China’s freeze on new game approvals is finally set to end, nine months after it began. A new regulatory board was established earlier this month – the Online Games Ethics Committee – which led to speculation that game licensing would soon begin again. Now it has, and the financial market around the Chinese game industry is already showing results.

Today, Tencent shares closed 4.5% higher and Perfect World shares closed 6.7% higher, as the South China Morning Post reports. Despite the freeze, the Chinese game industry saw 5% growth this year, but that’s the smallest increase in close to a decade. Growth has been in double digit numbers since 2009.

“The first batch of games have been reviewed. We will hurry up to issue licenses,” says Feng Shixin, head of the State Administration of Press and Publications. “There is a big stockpile of games for review, so it takes a while. We will continue to work hard.” The committee had reviewed 20 games when we learned of its existence, rejecting nine titles and recommending content modifications for 11 others.
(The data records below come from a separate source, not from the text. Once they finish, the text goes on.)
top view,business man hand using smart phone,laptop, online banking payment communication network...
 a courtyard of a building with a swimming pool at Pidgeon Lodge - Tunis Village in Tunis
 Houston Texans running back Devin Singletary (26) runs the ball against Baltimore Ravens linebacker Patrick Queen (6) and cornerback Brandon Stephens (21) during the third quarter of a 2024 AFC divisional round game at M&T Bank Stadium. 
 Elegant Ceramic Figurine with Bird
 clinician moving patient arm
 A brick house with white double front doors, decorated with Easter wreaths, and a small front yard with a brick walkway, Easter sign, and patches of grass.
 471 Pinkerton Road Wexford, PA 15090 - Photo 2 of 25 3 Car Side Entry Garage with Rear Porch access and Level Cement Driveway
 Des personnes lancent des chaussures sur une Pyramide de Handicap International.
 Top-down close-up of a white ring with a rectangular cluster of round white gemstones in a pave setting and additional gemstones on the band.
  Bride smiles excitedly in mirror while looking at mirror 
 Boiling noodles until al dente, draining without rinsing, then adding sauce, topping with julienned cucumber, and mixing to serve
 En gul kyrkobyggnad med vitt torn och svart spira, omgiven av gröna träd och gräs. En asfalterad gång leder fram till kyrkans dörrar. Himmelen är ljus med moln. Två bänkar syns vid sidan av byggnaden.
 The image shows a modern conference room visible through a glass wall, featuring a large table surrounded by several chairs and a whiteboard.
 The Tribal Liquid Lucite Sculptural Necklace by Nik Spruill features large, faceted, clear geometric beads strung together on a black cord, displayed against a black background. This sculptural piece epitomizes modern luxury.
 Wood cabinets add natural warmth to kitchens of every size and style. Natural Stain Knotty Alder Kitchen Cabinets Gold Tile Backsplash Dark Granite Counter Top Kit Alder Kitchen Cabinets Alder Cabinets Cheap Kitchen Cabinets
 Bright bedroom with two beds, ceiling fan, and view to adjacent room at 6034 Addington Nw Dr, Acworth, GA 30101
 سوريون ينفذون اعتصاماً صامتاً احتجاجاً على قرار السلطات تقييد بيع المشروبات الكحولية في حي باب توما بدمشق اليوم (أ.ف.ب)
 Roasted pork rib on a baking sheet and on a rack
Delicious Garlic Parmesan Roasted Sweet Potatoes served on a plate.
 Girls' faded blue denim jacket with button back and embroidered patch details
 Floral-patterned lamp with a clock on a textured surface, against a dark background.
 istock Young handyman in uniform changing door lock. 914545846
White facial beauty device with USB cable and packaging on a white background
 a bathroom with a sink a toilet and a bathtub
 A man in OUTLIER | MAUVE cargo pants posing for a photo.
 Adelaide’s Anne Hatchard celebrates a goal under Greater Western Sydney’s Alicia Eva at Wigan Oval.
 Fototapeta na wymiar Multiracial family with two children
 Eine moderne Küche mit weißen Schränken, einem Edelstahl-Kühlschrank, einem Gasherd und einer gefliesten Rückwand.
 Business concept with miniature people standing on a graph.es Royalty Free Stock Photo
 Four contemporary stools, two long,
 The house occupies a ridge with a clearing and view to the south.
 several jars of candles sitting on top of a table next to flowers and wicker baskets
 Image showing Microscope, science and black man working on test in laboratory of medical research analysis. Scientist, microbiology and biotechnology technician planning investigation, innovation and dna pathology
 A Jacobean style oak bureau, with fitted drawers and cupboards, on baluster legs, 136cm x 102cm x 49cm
That review reportedly included rejections of titles including Fortnite, PUBG, and Paladins, but according to analyst Daniel Ahmad, that’s not the case. “The Online Game Ethics Committee does not review games that have already been published,” Ahmad says on Twitter.

The SAPP was founded in April, and it had not approved any new game releases since it was formed in April amid a number of other governmental changes. Now that the body has a subdivision dedicated to gaming, it looks like new games are finally going to be approved once more.